General counsel are required to know something about every business in their corporation and mitigate risks. As a result, they are in many ways at the center of the company. In Nigel Holloway’s January article “General Counsel on Their Issues for 2012”, Holloway discusses the critical issues facing GCs for the coming year. In a joint research effort between Corporate Counsel and ALM Legal Intelligence, Holloway examined the responses of 107 GCs and their deputies at U.S. corporations in a recent survey.
The responses were intriguing. One question asked about their fears and the biggest corporate risks they envision in 2012. Of 8 possible responses, 51% chose an event or a change in business conditions that specifically affects their firm or industry. 11% and 4%, respectively, chose risks such as a collapse of the U.S. dollar or a breakup of the Eurozone, even though the survey was administered in the midst of Greece’s economic plight late last year.
Holloway goes on to note that follow-up interviews revealed fear of the unknown as a central theme. Said one GC of a Myrtle Beach-based electronics manufacturer: “One of those things that you worry about is: What don’t I know? I worry less about things that I know.” Yet surprisingly given the apparent anxiety, Holloway pointed out that 47% reported they had not updated their crisis-management plan for the year, compared with only 36% who had. 17% percent said they were unsure if they had a crisis management plan.

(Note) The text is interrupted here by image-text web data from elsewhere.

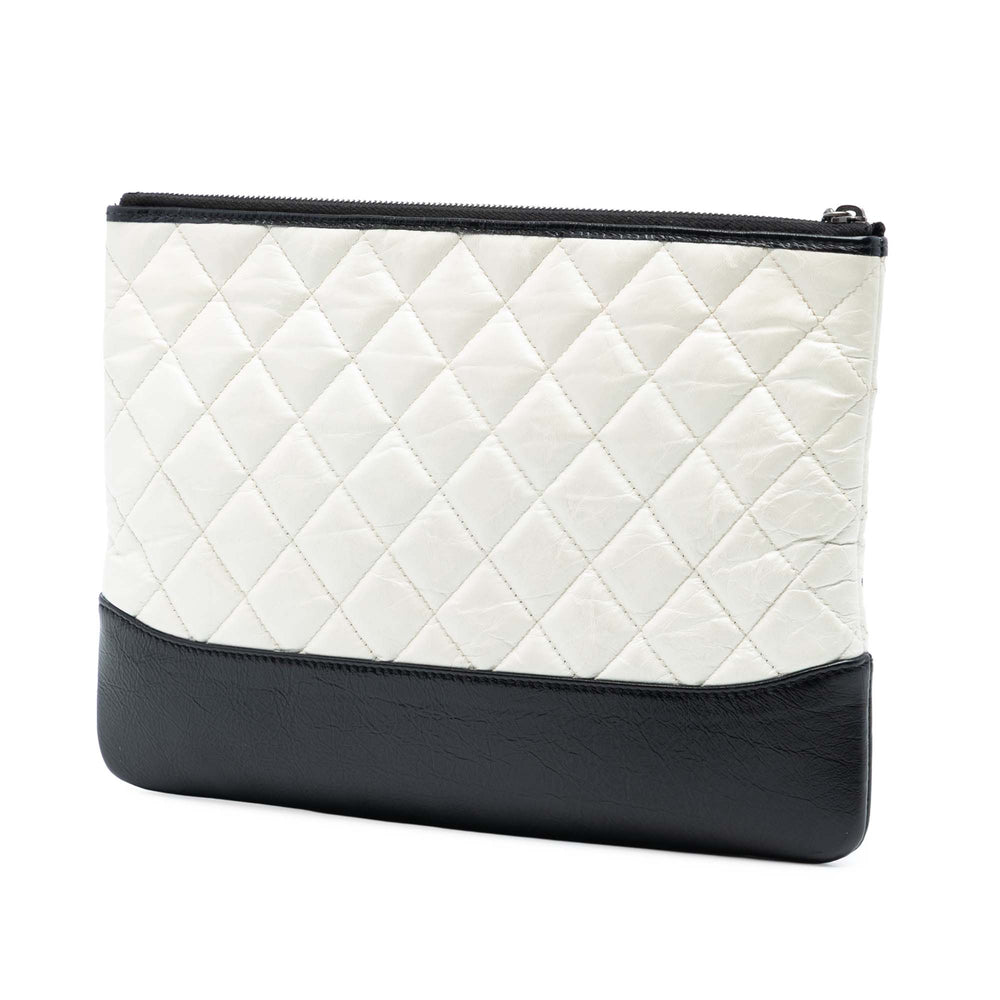 Chanel Medium vieilli Cuir de veau Gabrielle O Étui Pochette – GABY PARIS Authentique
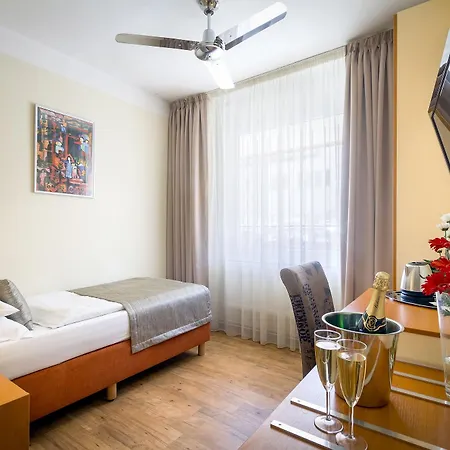 Aida 4* Prága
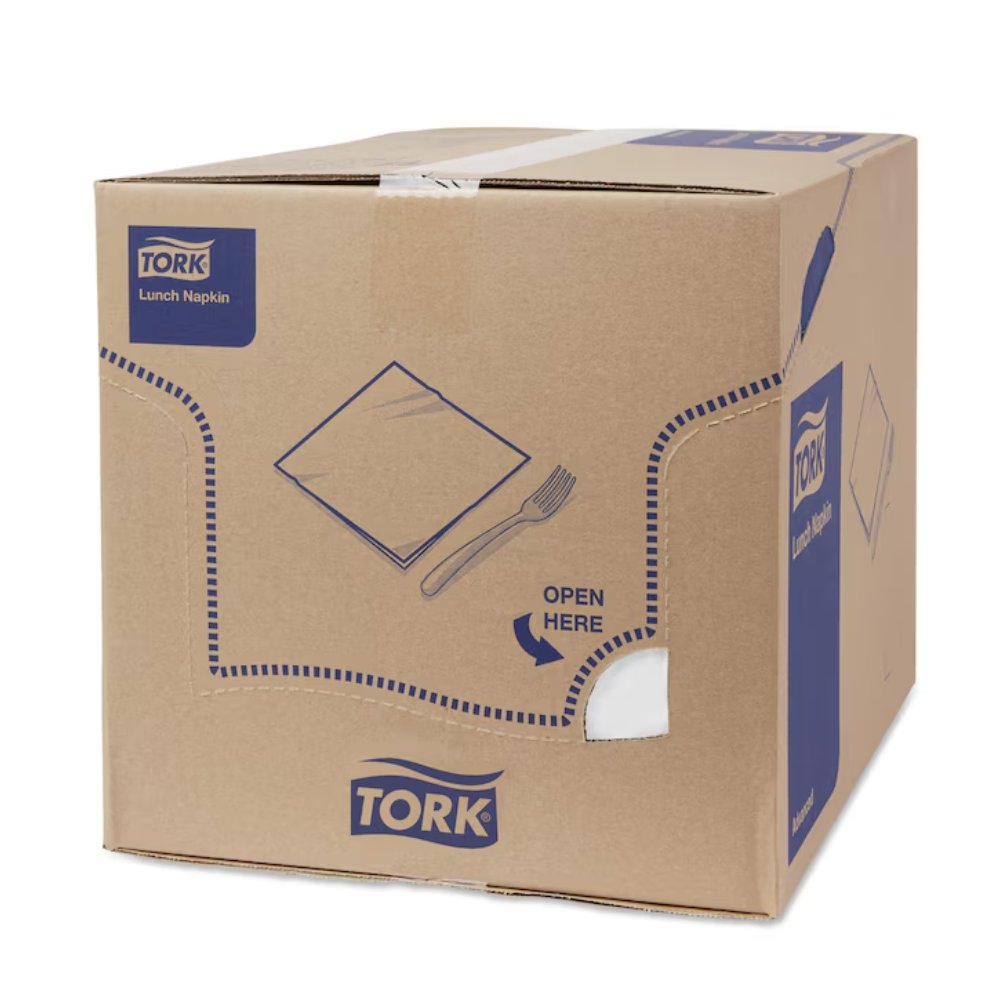 Una grande scatola con la scritta “Tork 477149 tovaglioli da pranzo bianchi Advanced 1/4 piega a 2 strati” mostra il logo di TORK – Essity Professional Hygiene Germany GmbH. La confezione, in blu e bianco, sottolinea l'ecocompatibilità dei tovaglioli da pranzo a 2 strati e dispone di un'istruzione “Aprire qui” e un'apertura perforata sulla parte anteriore.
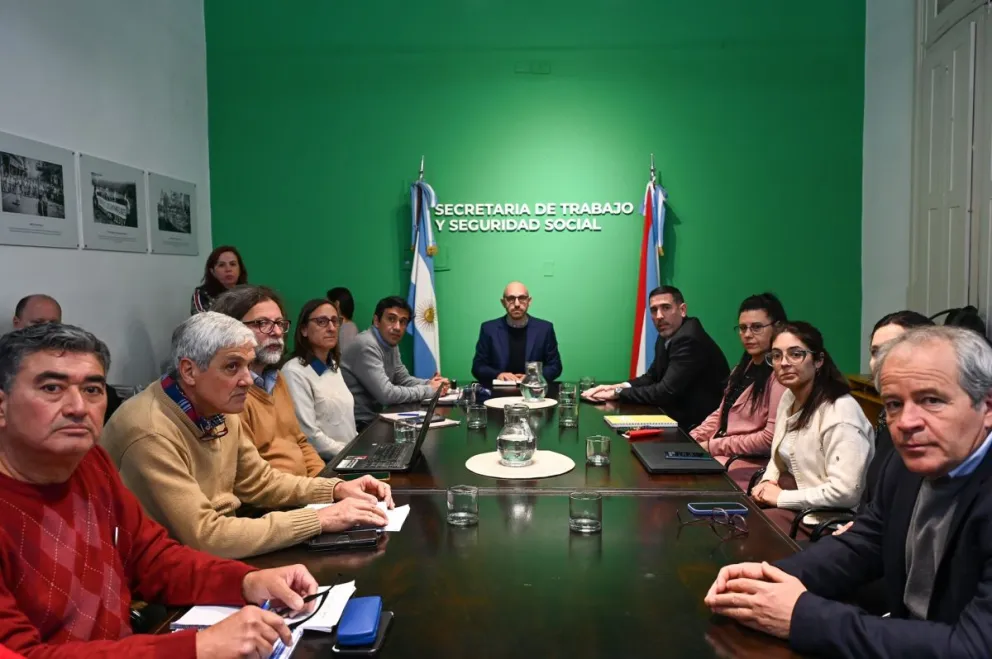El gobierno presentó una nueva oferta salarial a los gremios docentes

Some of this, Holloway maintains, is due to the fact that GCs and executives are often overly optimistic about their own business prospects, and also because many feel their crisis-management plans need not change if management stays the same. But with the growing threat social media outlets pose to a company’s reputation, GCs and their execs should be advised to update them regularly.
The survey also asked questions about data security and the global supply chain. Overall, it seems these were not significant concerns for many GCs. Of those that had foreign operations, 61% said their antibribery program was relatively strong. When looking at data security, 49% said they were “reasonably certain” their company’s procedures would prevent “hacking and other data leaks”. 19% either indicated concern over hacking or didn’t know what preventative procedures were currently in place.
Another problem cited by GCs is that they are often perceived by business leaders as reactive. 53% felt they were brought in too late to deal with matters effectively, and 28% admitted they felt perceived by company execs as roadblocks rather than facilitators. To combat this, a majority of the respondents said they would hold more frequent meetings next year with the heads of business units, and almost a quarter said the relationships that most need improving in 2012 are with the CFO, CEO and the board. Holloway concluded by saying the biggest problem reported by GCs (61%) relates to regulatory and the increasing number and complexity of regulations. Closely behind at 53%, GCs cited the pressure to do more with fewer resources.